__Assignment__:
All lines below starting at the one that holds "1 dormitorio con" and ending at the one that holds "Oxford White 2026 Ford Transit-250 Base" should be printed exactly, ends included. Pictures should not be printed, nor anything else.

*** Input ***

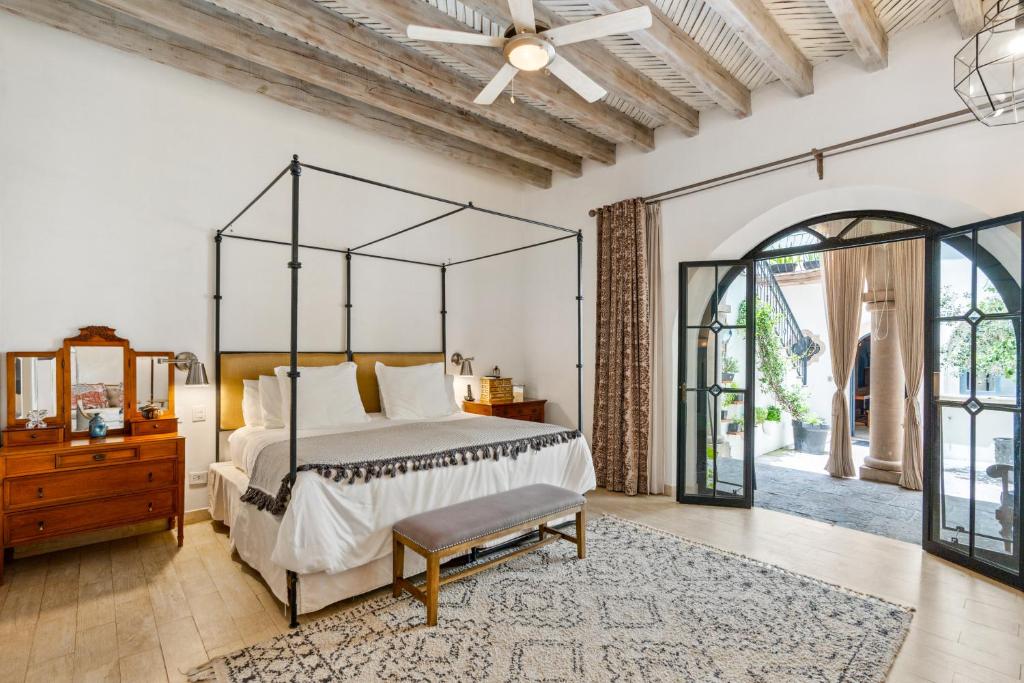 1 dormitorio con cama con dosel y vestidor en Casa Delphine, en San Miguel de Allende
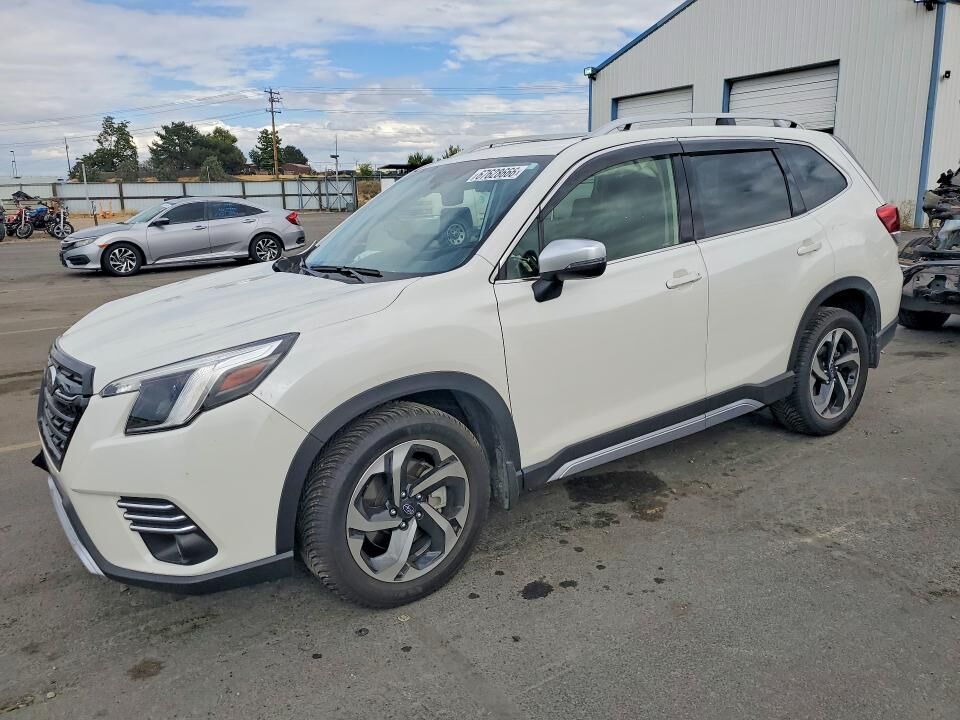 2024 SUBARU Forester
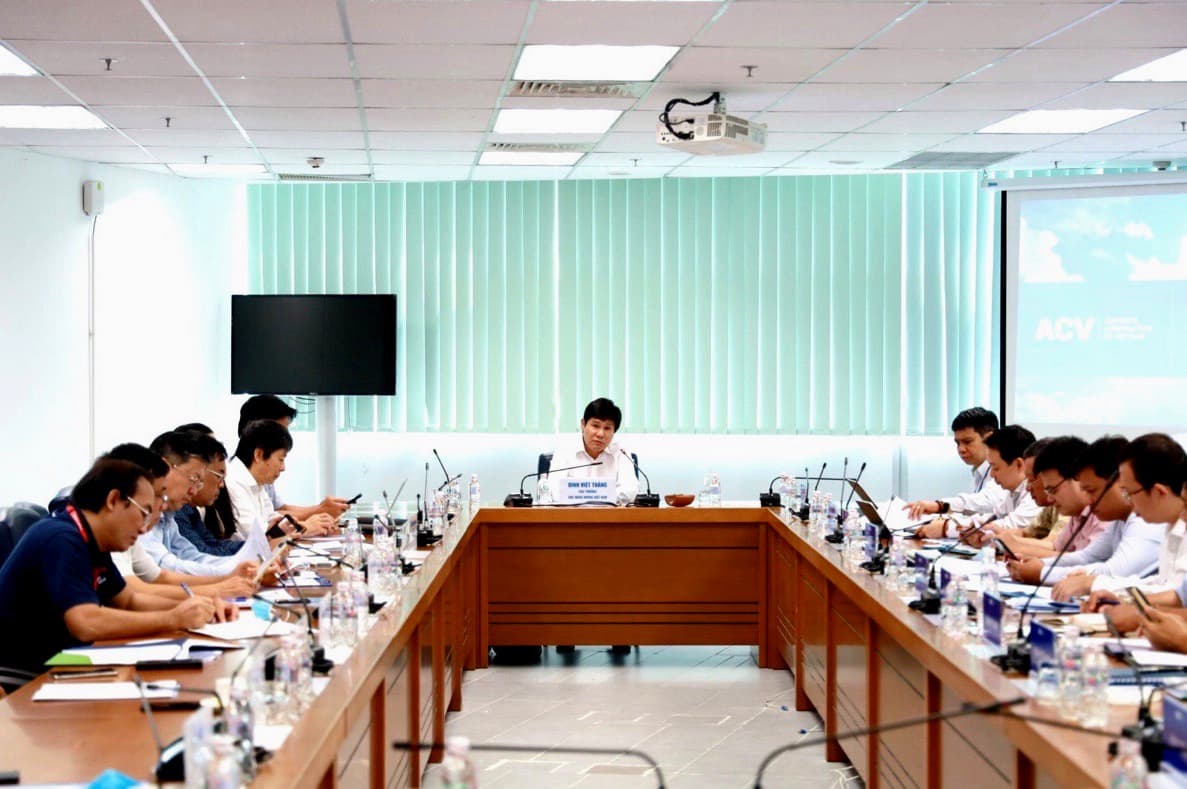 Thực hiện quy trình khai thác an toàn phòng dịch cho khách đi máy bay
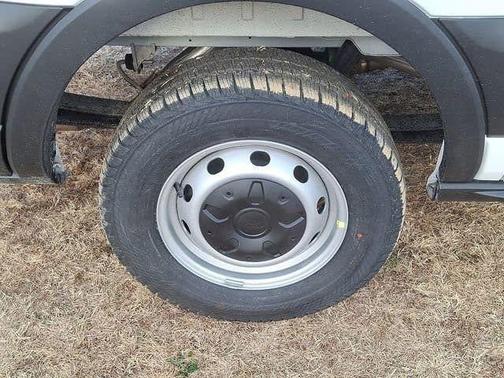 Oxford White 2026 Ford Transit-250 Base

*** End of Input ***
*** Input ***

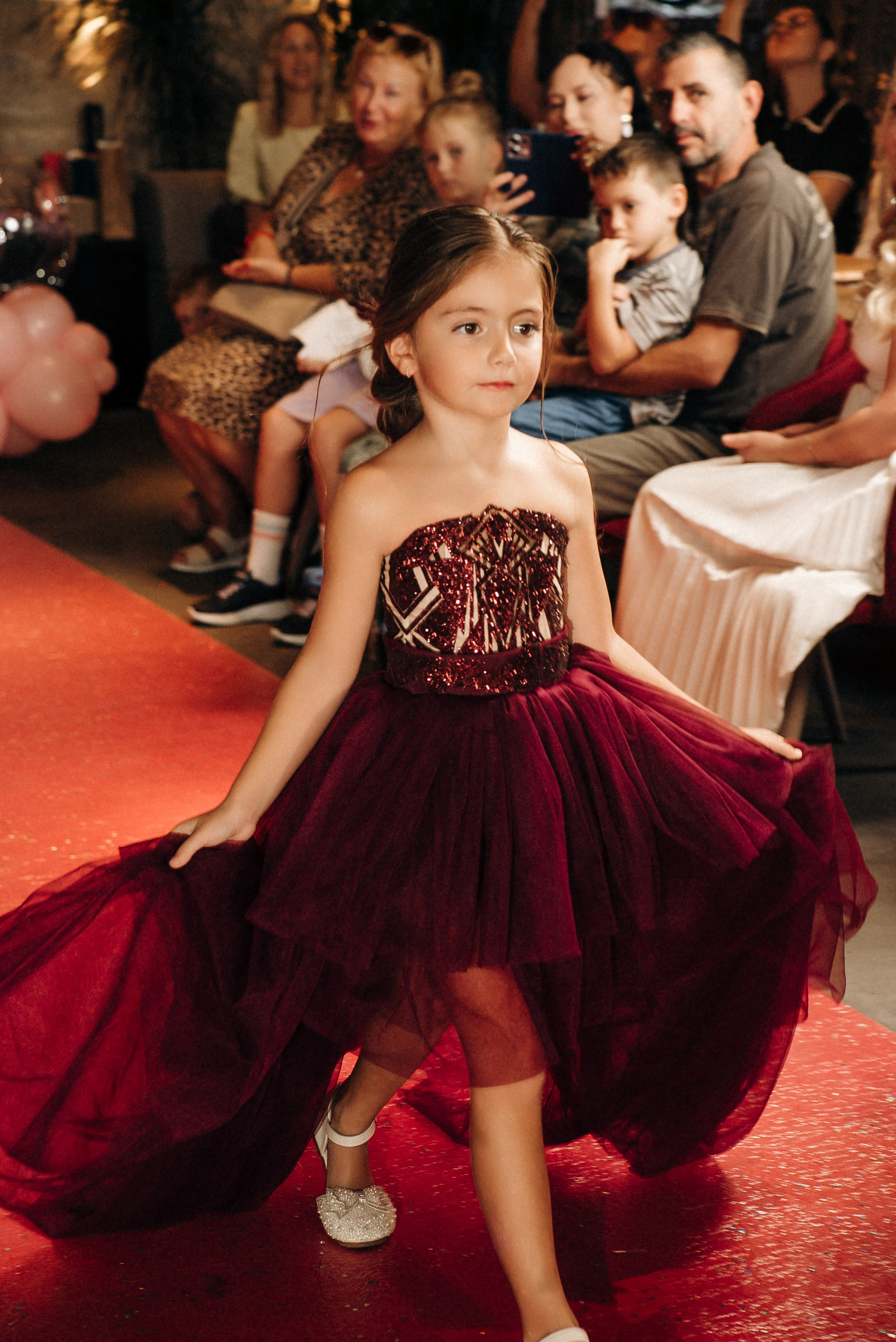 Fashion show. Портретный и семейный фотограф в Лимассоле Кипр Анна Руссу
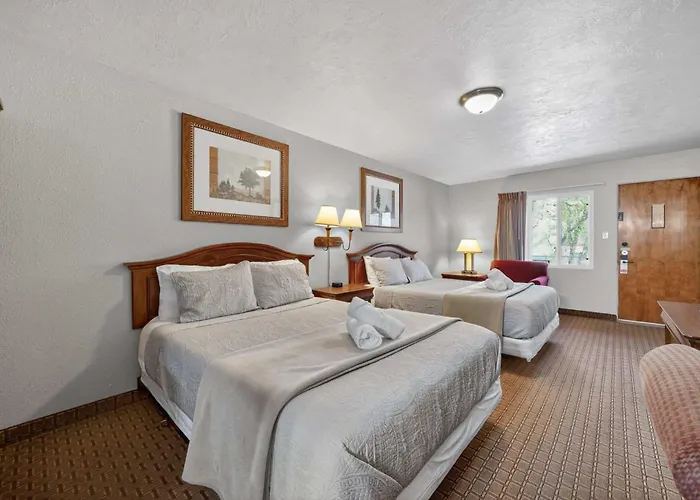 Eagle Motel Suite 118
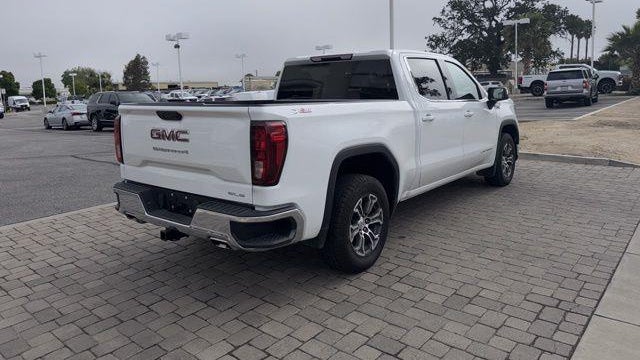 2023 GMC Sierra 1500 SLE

*** End of Input ***

__Task result__:
 1 dormitorio con cama con dosel y vestidor en Casa Delphine, en San Miguel de Allende
 2024 SUBARU Forester
 Thực hiện quy trình khai thác an toàn phòng dịch cho khách đi máy bay
 Oxford White 2026 Ford Transit-250 Base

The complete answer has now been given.